The claimant prays for:
a) Payment of Kshs. 131, 448.00.
b) Costs of the claim.
c) A declaration the termination was unfair and unjust.
d) Any other relief that the Court may deem just and fit to grant.
The reply to memorandum of claim was filed on 01.02.2015 through M/s Sherman Nyongesa & Mutubia Advocates. The respondent pleaded as follows. At termination the claimant earned Kshs.9, 000.00 gross monthly salary. The respondent admits that on 01.01.2013 a letter of appointment issued. Further during employment, the claimant developed an arrogant, rude behaviour and displayed lack of commitment to her work and was on several occasions rude to her superiors. In that regard she wrote apology letters and was forgiven and allowed to continue working. In the instant occasion, during the disciplinary hearing she was asked to write an apology but she arrogantly refused and the respondent had no option to dismiss her per sections 41 and 44 of the Employment Act, 2007. The respondent denied all claims and prayers and prayed that the instant claim be dismissed with costs.
The claimant testified to support her case.

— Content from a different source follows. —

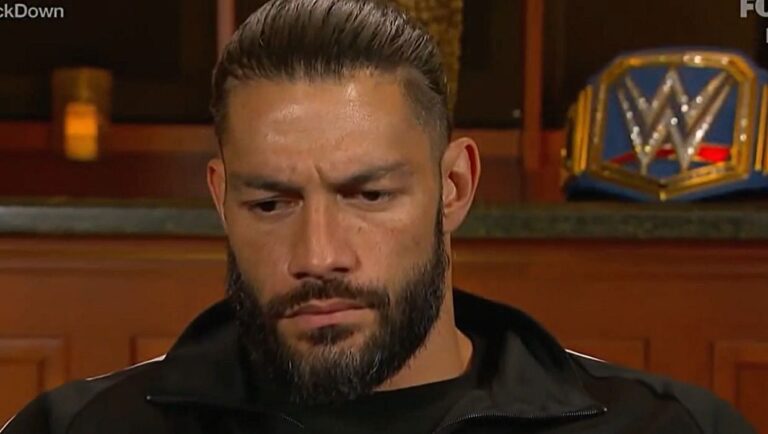 Till when Roman Reigns shall be out of motion after match in opposition to 2-time WWE Champion at dwell occasion – Reports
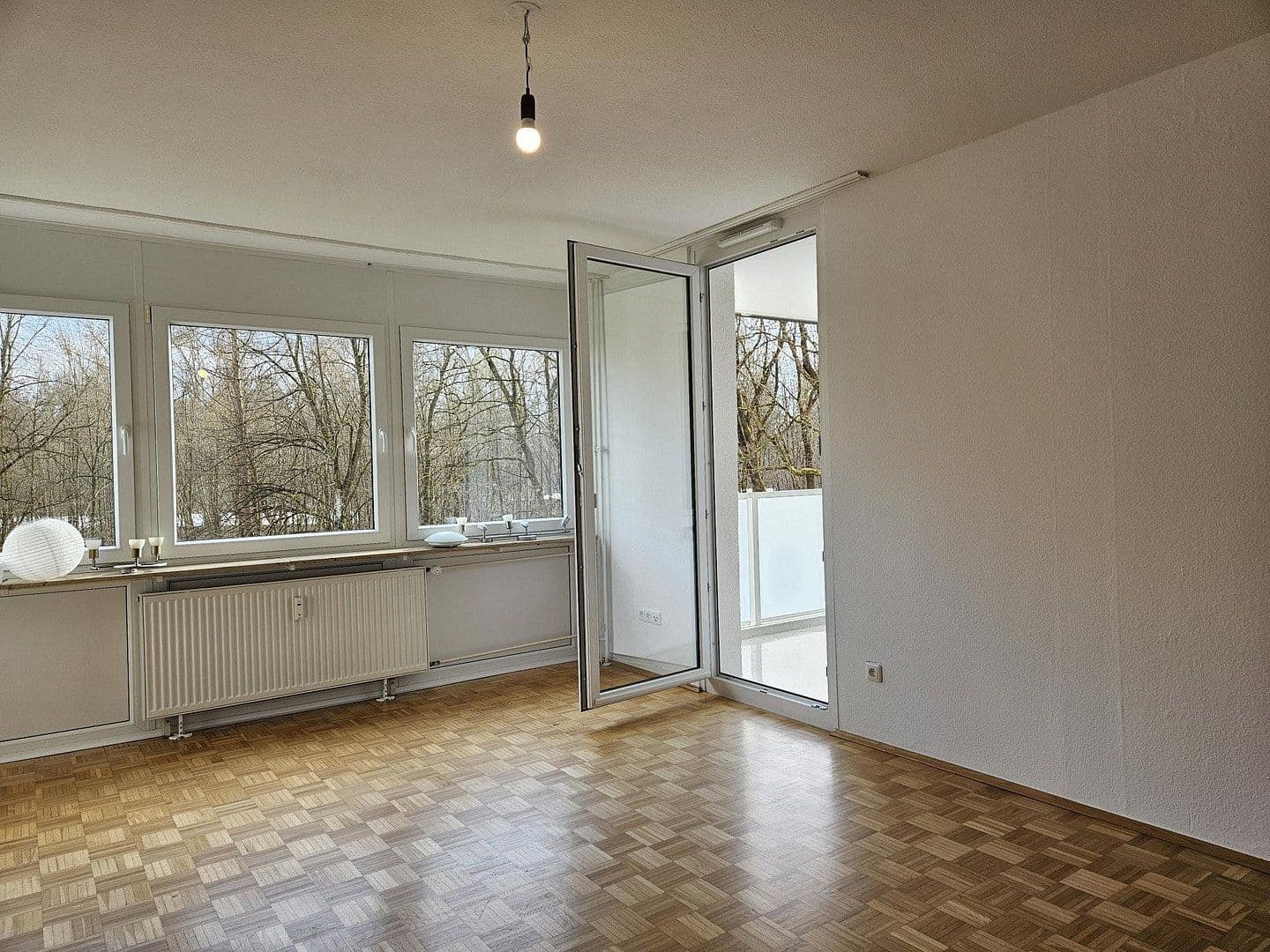 Prenájom bytu 2-izbový 57 m², Heiglhofstraße 86, München, Bavorsko Prenájom bytu 2-izbový 57 m², Heiglhofstraße 86, München, Bavorsko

The respondent’s witnesses were the claimant’s supervisor Philgona Erastus Abidha (RW1) and the head teacher Najaa Omar Mohamed (RW2). Final submissions were filed for parties. The Court has considered all material on record and returns as follows.

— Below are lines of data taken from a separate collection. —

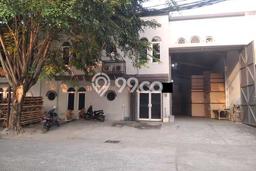 Gudang Dijual di Neglasari LT 450m2, LB 450m2 Solusi Investasi Cerdas Gudang Dijual di Neglasari LT 450m2, LB 450m2 Solusi Investasi Cerdas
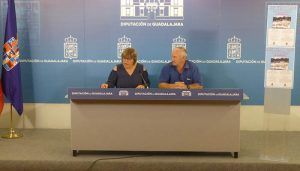 Cantalojas celebrará el próximo 12 su XXXIV Feria de Ganado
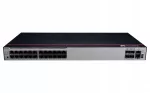 Komutatorius Huawei CloudEngine S5731-S24T4X-A, 24x1GE, 4x10G SFP+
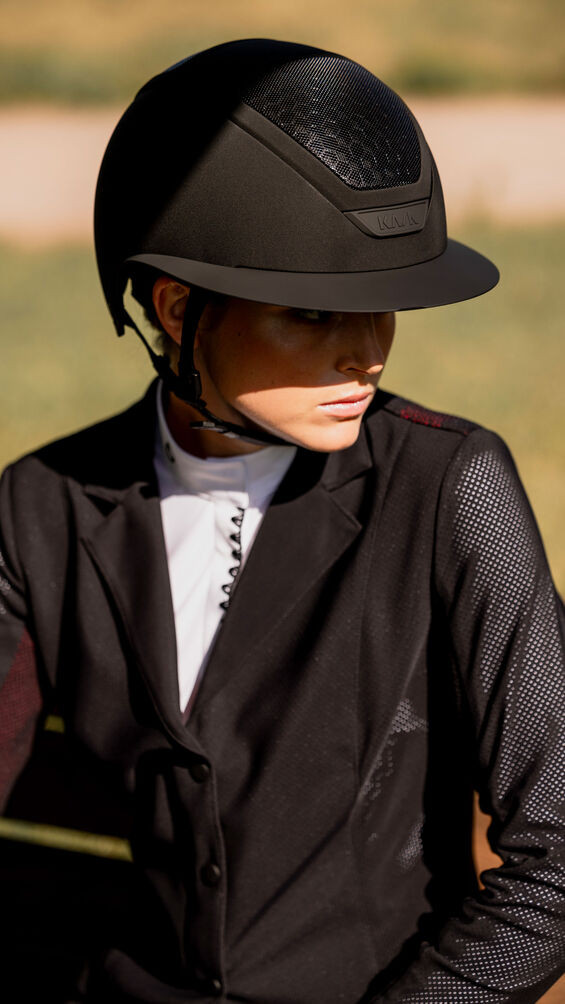 Kask Star Lady Hunter Helmet - Thumbnail 3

First, there is no dispute that the parties were in a contract of service. The claimant was a cleaner and as per the pay slips exhibited for the respondent her last gross monthly pay was Kshs.9, 000.00.

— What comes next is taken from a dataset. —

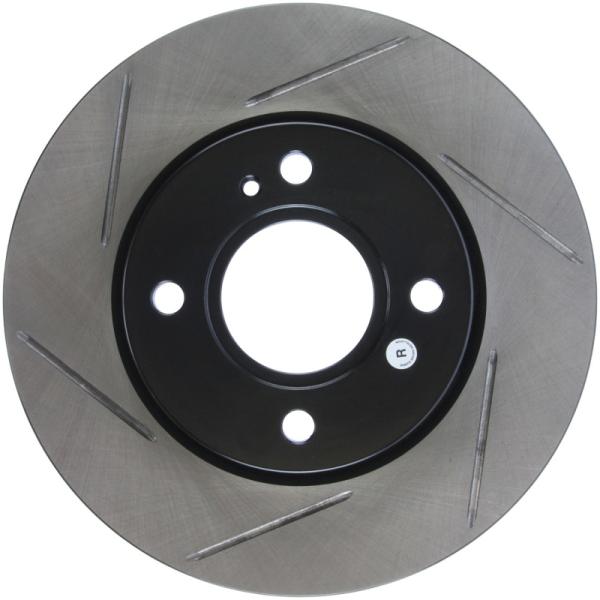 Stoptech 126.61096SR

Second, the evidence was that the claimant was dismissed on account that the toilets she cleaned were smelly.
Third, the claimant testified that she was summoned and told about the smelly toilets. While testifying that she performed as expected, she does not state whatever she did to improve following the summoning. The Court sees no ground to discredit the respondent’s evidence that the claimant failed to perform as expected and was asked to explain and apologise and continue in employment but refused to apologise and the respondent made a decision they separate. The Court finds that the respondent has established the genuine reason for termination per section 41 and 45 of the Employment Act, 2007 and it cannot be said that the procedure adopted to terminate was unfair – as envisaged in section 45 of the Act, the claimant was given opportunity to apologise and continue working and the Court finds refusal to apologise meant she was unwilling to improve. The Court finds that the claimant was the author of her dismissal and she contributed 100%. The Court finds the termination was not unfair, the claimant is not entitled to compensation, and the respondent was entitled to dismiss with a shorter notice than was agreed (per section 44 of the Act) and notice pay is declined.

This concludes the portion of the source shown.